I've created a WCF service with a wsHttpBinding and Message security. Then I added a service reference which resulted in the client's config file being updated with this:

<client>
  <endpoint address="http://localhost:42160/Service1.svc/secure"
    binding="wsHttpBinding" bindingConfiguration="WSHttpBinding_IService1"
    contract="SecureProxy.IService1" name="WSHttpBinding_IService1">
    <identity>
        <userPrincipalName value="[email protected]" />
    </identity>
  </endpoint>
</client>

I don't understand what the userPrincipalName is for. No matter what I modify the value to, the client and service communicate successfully. It doesn't seem to serve any purpose.

This MSDN article attempts to explain the purpose in detail, and somehow manages to explain nothing at all.

What problem was Microsoft trying to solve by adding that into the WCF story?
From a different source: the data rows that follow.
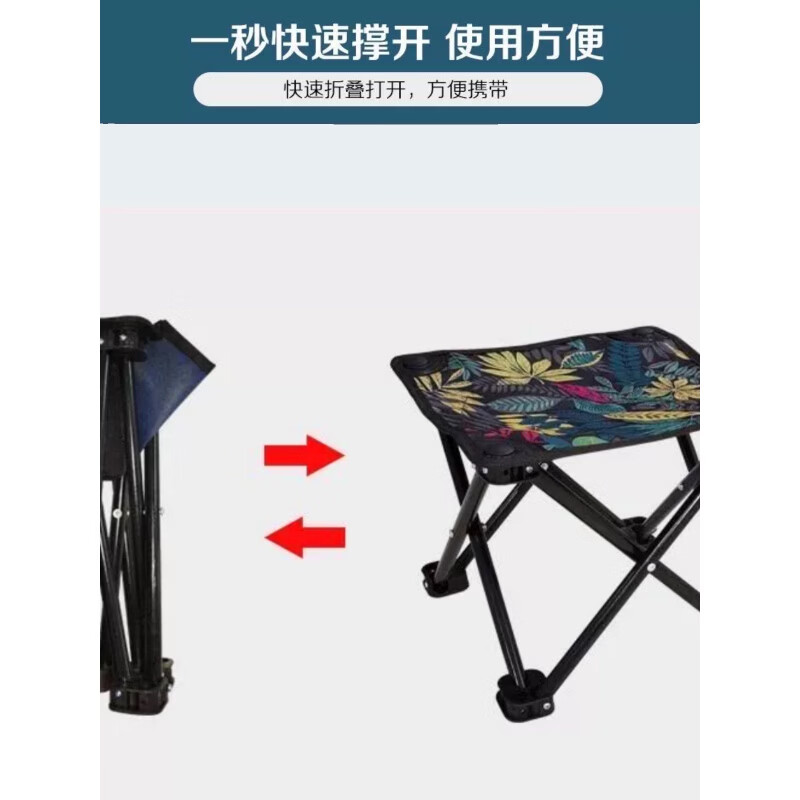胖东来同款折叠凳户外马扎折叠小凳子折叠椅板凳钓鱼凳矮凳马扎写 枫叶加厚28厘米大号【平登】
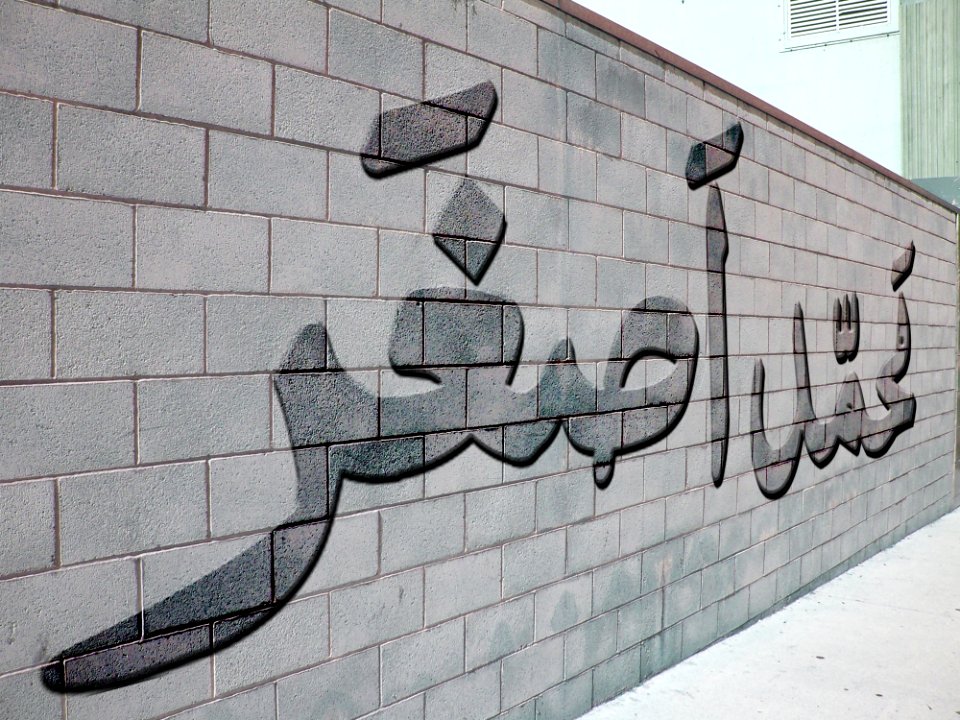Wall Street Art Brickwork Design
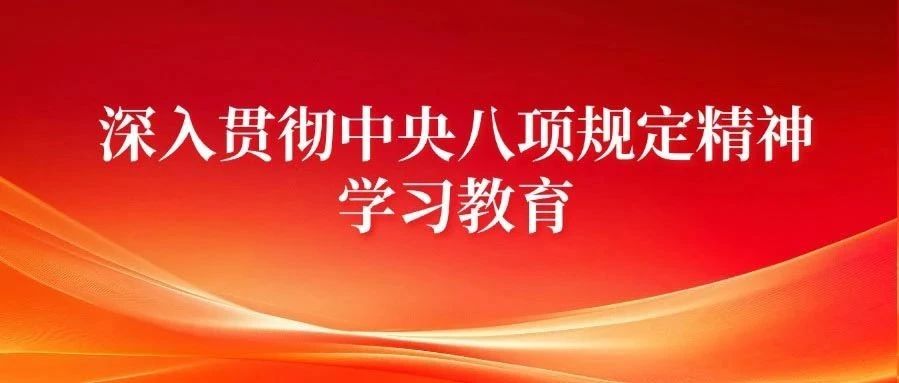 八項規(guī)定精神學(xué)習丨領(lǐng)導(dǎo)干部辦公用房標準
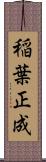 稲葉正成 Scroll
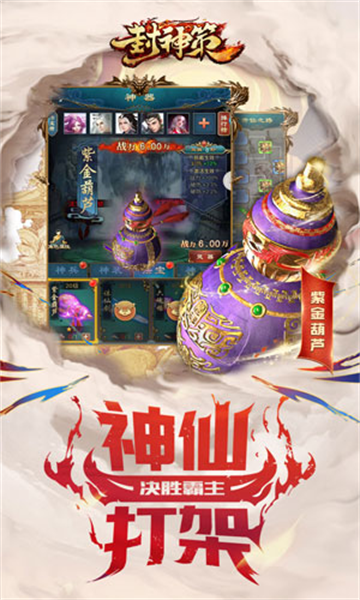 封神策黑暗神话仙侠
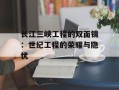 长江三峡工程的双面镜：世纪工程的荣耀与隐忧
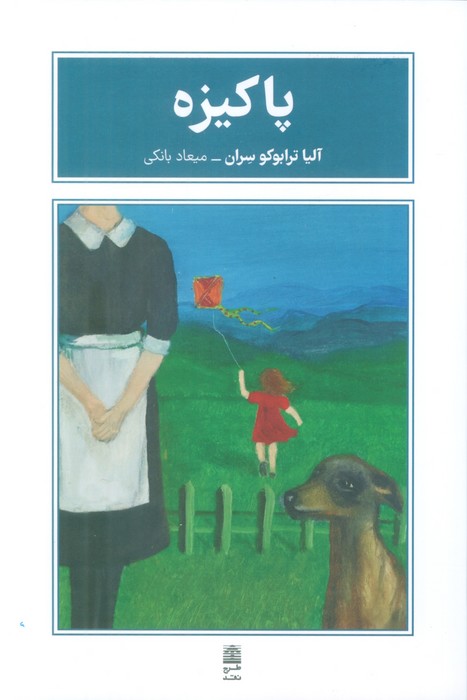 پایانه - پاکیزه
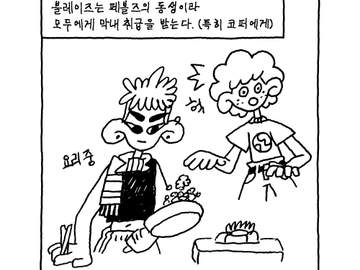 3화 그들의 관계 : (블레이즈+오키드)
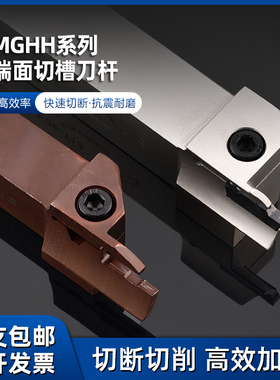 白色端面切槽刀杆MGHH320/425数控外圆弧平面切槽 弹簧钢切深槽刀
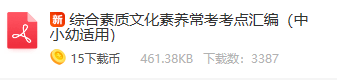教師資格中小幼常見文化素養常考考點匯編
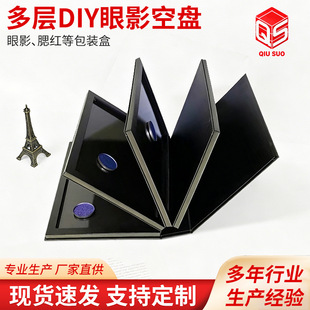 DIY������Ӱ�ձP���l���ӻ��y���p���Č����t��Ӱ�߹������ռ{�P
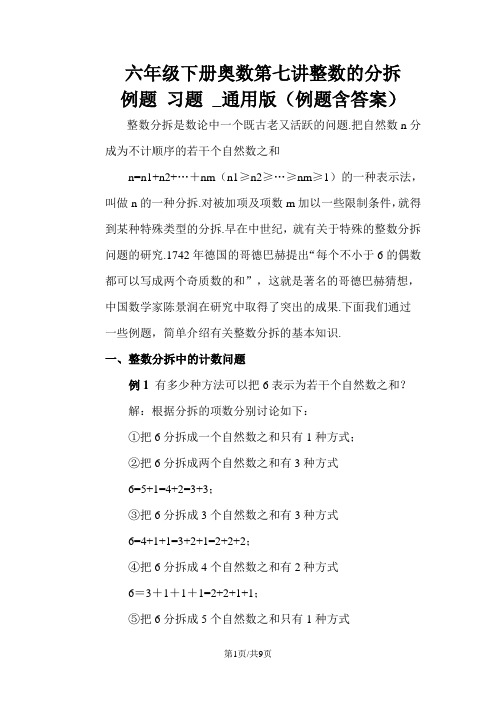 六年级下册奥数第七讲整数的分拆   例题 习题 _通用版(例题含答案)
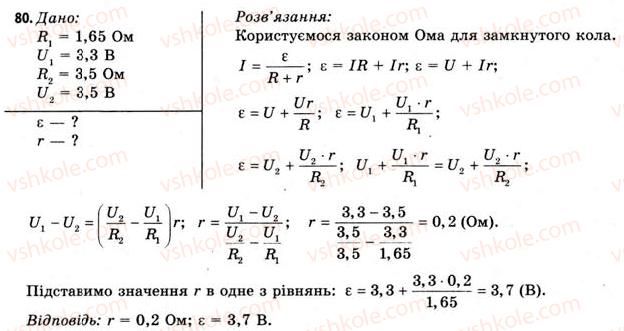 11-fizika-vd-sirotyuk-vi-bashtovij-2011--rozdil-1-elektrichne-pole-i-strum-zavdannya-do-5-7-80.jpg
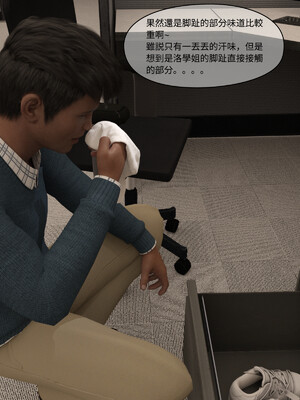 [remember2]珞玉无声01_032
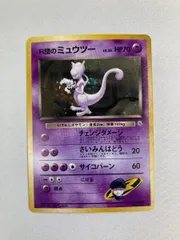 2026年最新】r団のミュウツー 旧裏の人気アイテム - メルカリ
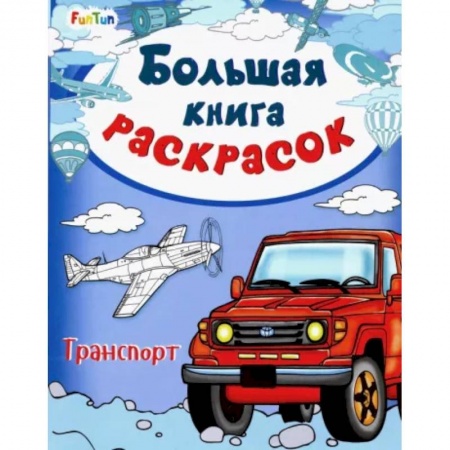 Раскраски, книга Большая книга раскрасок. Транспорт купить по скидке
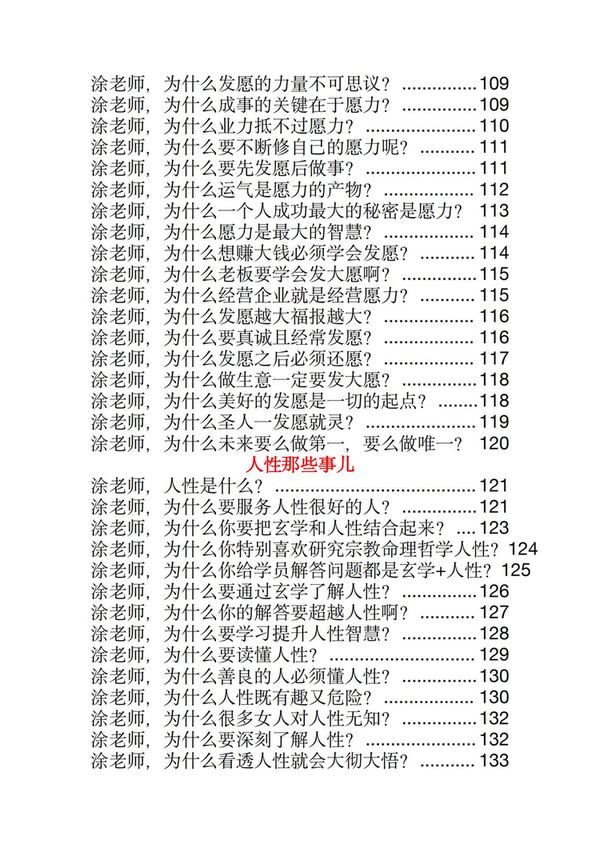 资源截图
Again, I can change the value to anything I want and it doesn't affect the client and service.

Also, here is a similar question.

like image 795
Brent Arias Avatar asked Jul 25 '13 02:07

Brent Arias


1 Answers

In general the upn is there to authenticate the server to the client (e.g. you instruct your client which server is trusted and which not, like client validate hosts in ssl).

I think if the upn has right value then communication will use kerberos and if it is wrong then communication would use ntlm (if available under some conditions). Try to disable ntlm and then only the right value for upn will work:

<clientCredentials>
   <windows allowNtlm="false" />
</clientCredentials>

There is also a way to check if kerberos or ntlm were used by putting a breakpoint/log on the server and checking the ServiceSecurityContext.Current. You should get different value depending on the upn value.